I remember the home visits she made, sometimes to talk about a student who was struggling, sometimes to take dinner to a family that was hard on its luck.

I remember the students in our home as my mother bounced back and forth between helping them through homework and making dinner, so deeply connected to the children that they all called her Mama.

Maybe that is why the series “Abbott Elementary” has struck such a chord with me, because it reminded me of the beautiful struggle of people like my mother, who take on the all-consuming task of teaching.

That show is about a gaggle of well-meaning teachers — both Black and white — at a struggling, majority-Black Philadelphia elementary school with an aloof and incompetent principal. But it could well have been set anywhere.

The show is a sensation. It set ratings records for ABC and is only growing in popularity, resonating with many more people than just teachers and the people who love them.

The show illustrates that while there may be inequities in funding for these schools, there is no shortage of teachers who care and are determined to do the best they can for their students.

It refocuses the lens on the nobility of the profession, the way that teachers are driven more by mission than money, more by the need to make a difference than to make a killing.

There is a purity and innocence in it. It offers comfort in a time of strife and anxiety. Race is always present but not always central. This is a story about shared humanity.

It reminds you that many teachers are everyday heroes, not only teaching our children, but inspiring them, loving them and protecting them.

It is interesting that this show has burst onto the scene at the same time that a culture war is playing out in our schools and the teaching profession is straining under the weight of the pandemic.

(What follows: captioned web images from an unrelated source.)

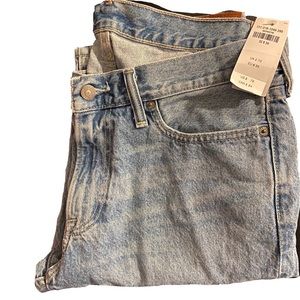 Abercrombie denim jeans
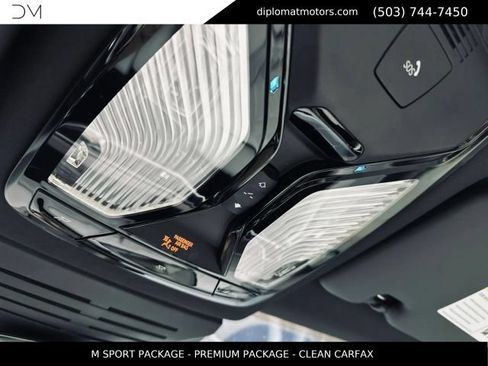 Used 2024 BMW X5 xDrive50e w/ M Sport Package AWD/4WD image 39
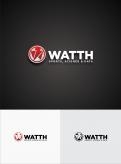 Logo & stationery # 1084560 for Logo and brand identiy for WATTH sports  science   data contest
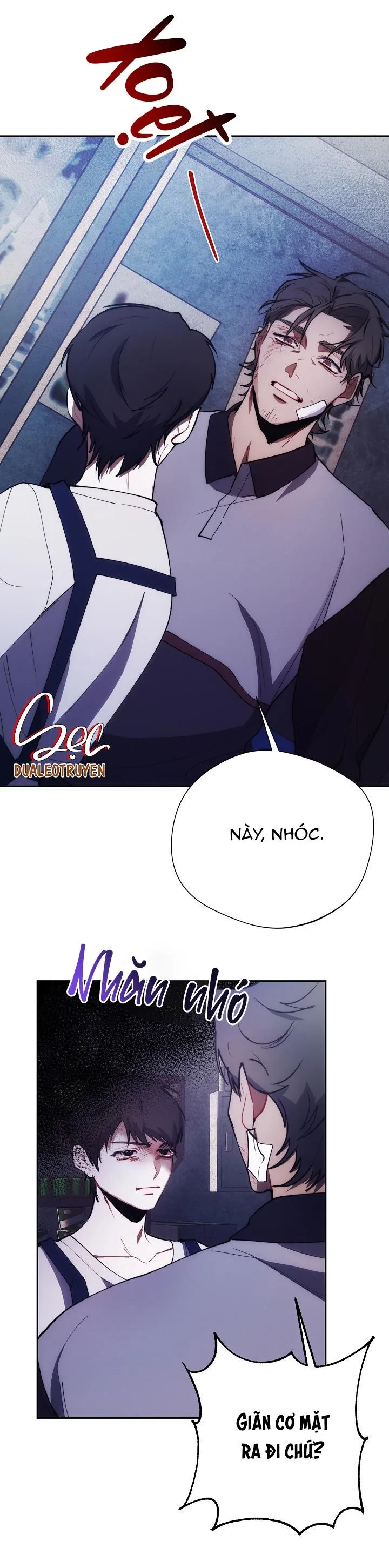 RED MANSION Chapter 24 Trang 26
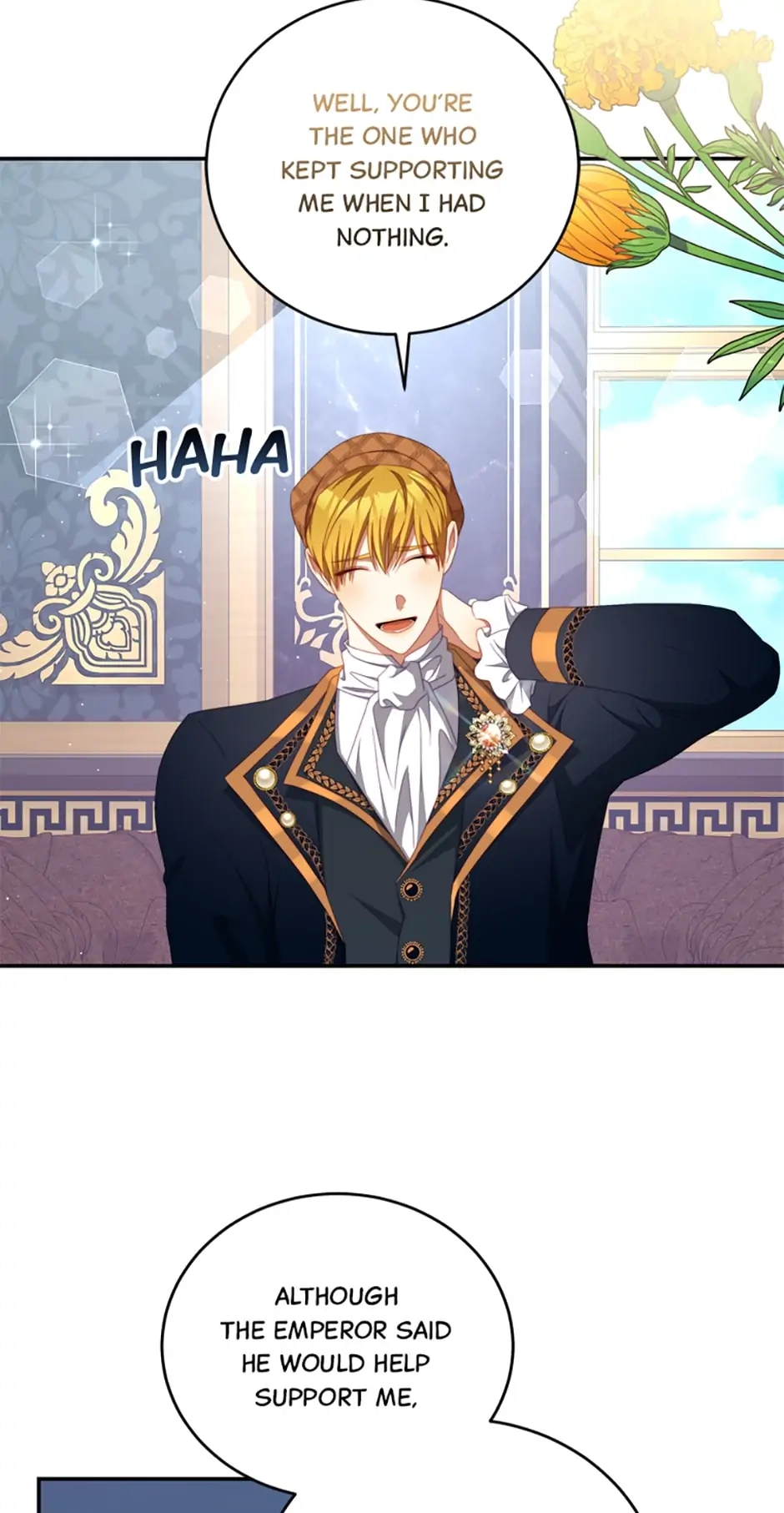 Read Your Ultimate Love Rival chapter 60 image 22 on Lezhin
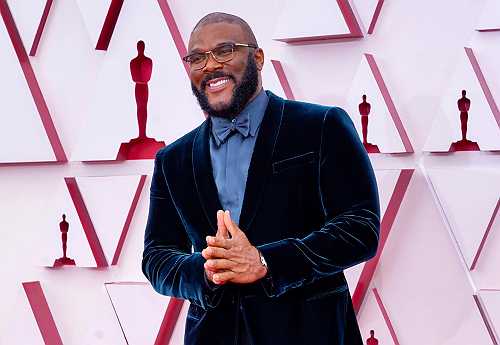 Tyler Perry wows with Oscars humanitarian award speech - TheGrio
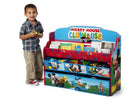 Style-1 (1051) Mickey (1051) 3-Mickey Mouse Deluxe Book & Toy Organizer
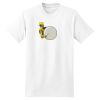 Beefy T® Born To Be Worn 100% Cotton T Shirt Thumbnail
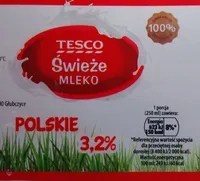 Mleko świeże 3,2%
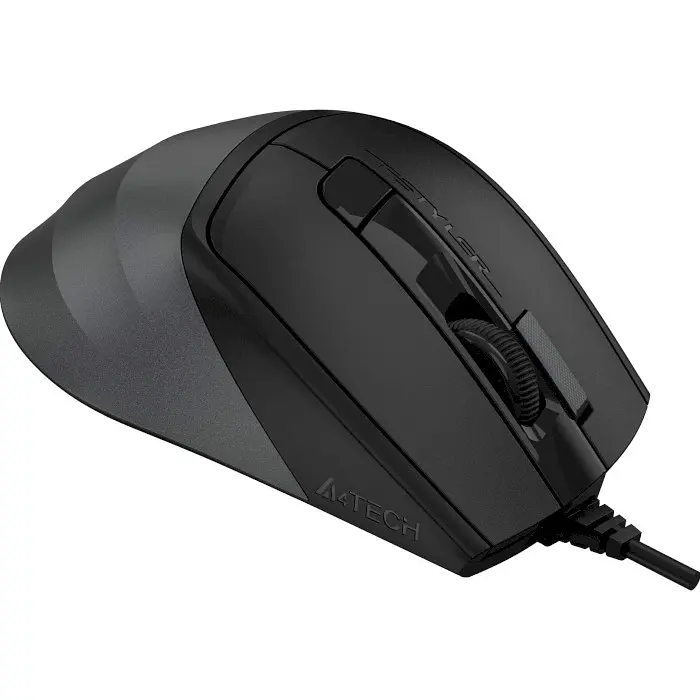 Мышь A4Tech Fstyler FM45S (Stone Grey) - фото 2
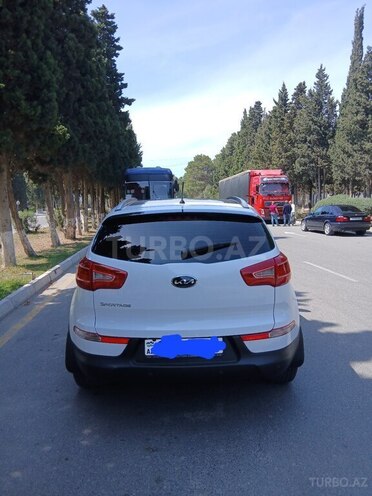 Kia Sportage 2010, 147,000 km - 2.0 l - Sumqayıt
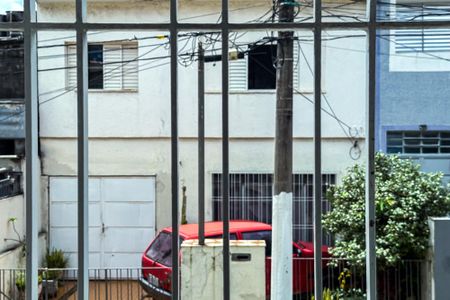 Vista da Sala de casa à venda com 2 quartos, 120m² em Mooca, São Paulo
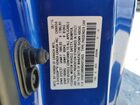 2016 Honda Civic Lx Blue vin: 2HGFC4B04GH312433
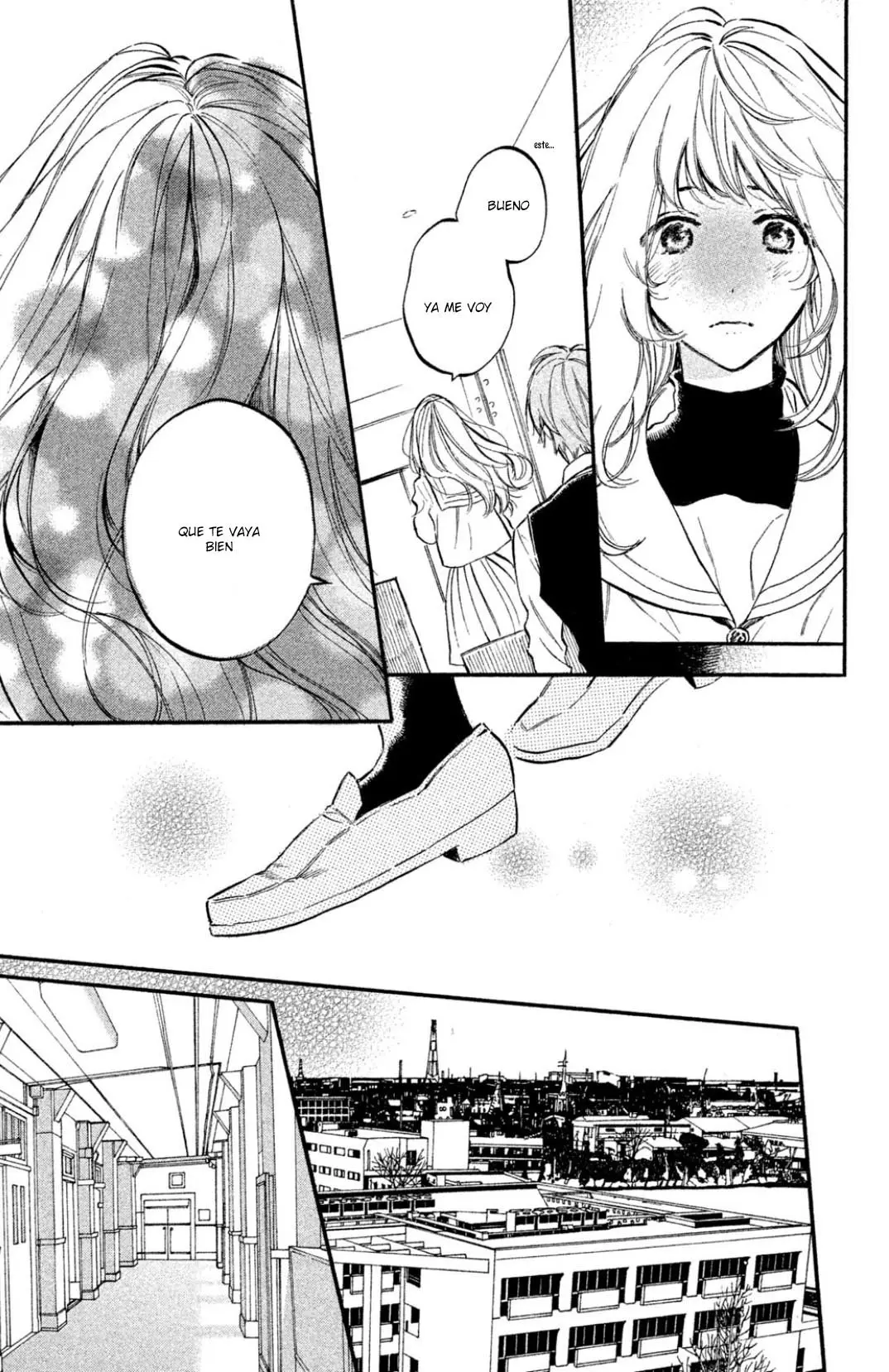 Ojou-san to Yobanaide (2017) - Capítulo 7 - Página 22 - LectorTMOo
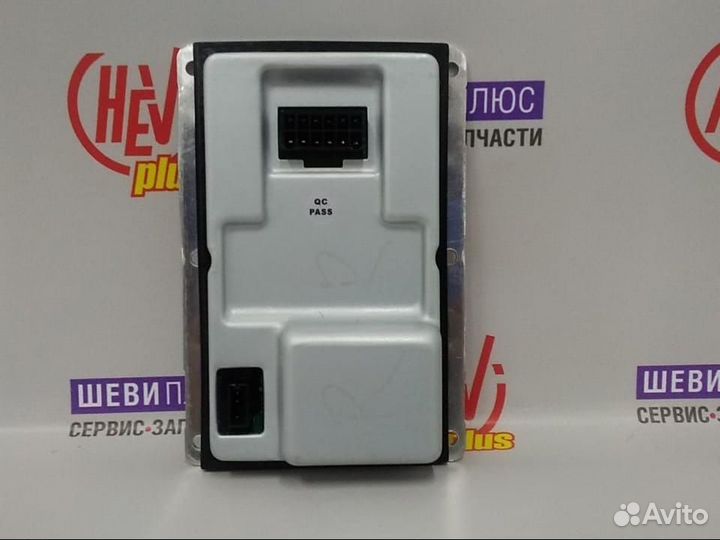 Блок розжига Cadillac CTS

Republicans in state after state are introducing bills to prevent educators from teaching a comprehensive, accurate version of American history, with all its complexities and trauma, especially as it relates to race. A report by the education website Chalkbeat last week found that at least 36 states have “adopted or introduced laws or policies that restrict teaching about race and racism.”

A Florida bill, backed by that state’s governor, would prohibitschools and private businesses from making people (read “white people”) feel “discomfort” or “guilt” based on race. Good luck enforcing that. Exactly how does one measure discomfort and guilt? Are those floating emotions, presenting differently in different people?

Every Black child, or child of color, or gay kid could argue that the absence of accurate representation of their groups in class discussions makes them feel discomfort. The blindfold can always be flipped.

Furthermore, there is a raging debate about masking and vaccination in schools as the pandemic has been politicized. As an Axios/Momentive poll from August found, a parent’s political party tended to align with their opposition to school mask mandates, with 56 percent of Republican parents opposed to the mandates versus 24 percent of Independents and 4 percent of Democrats.

Because of this, the threats to teachers have increased dramatically, so much so that in October, the United States attorney general directed the F.B.I. and the U.S. attorneys’ offices to discuss strategies for addressing what it called a “disturbing trend”: “an increase in harassment, intimidation and threats of violence against school board members, teachers and workers in our nation’s public schools.”

On top of all that, and perhaps because of it, teachers are leaving the profession in droves, including Black teachers. According to a report by the RAND Corporation last year, “nearly one in four teachers overall, and almost half of Black teachers in particular, said that they were likely to leave their jobs by the end of the 2020-2021 school year.”

The teachers in “Abbott Elementary,” particularly the young, Black, idealistic ones, show us what is at stake as we tighten the vise on educators. They remind us that these are not just pawns in a political game, but real people, often the best kind of people, doing the best they can with too little and not been applauded nearly enough.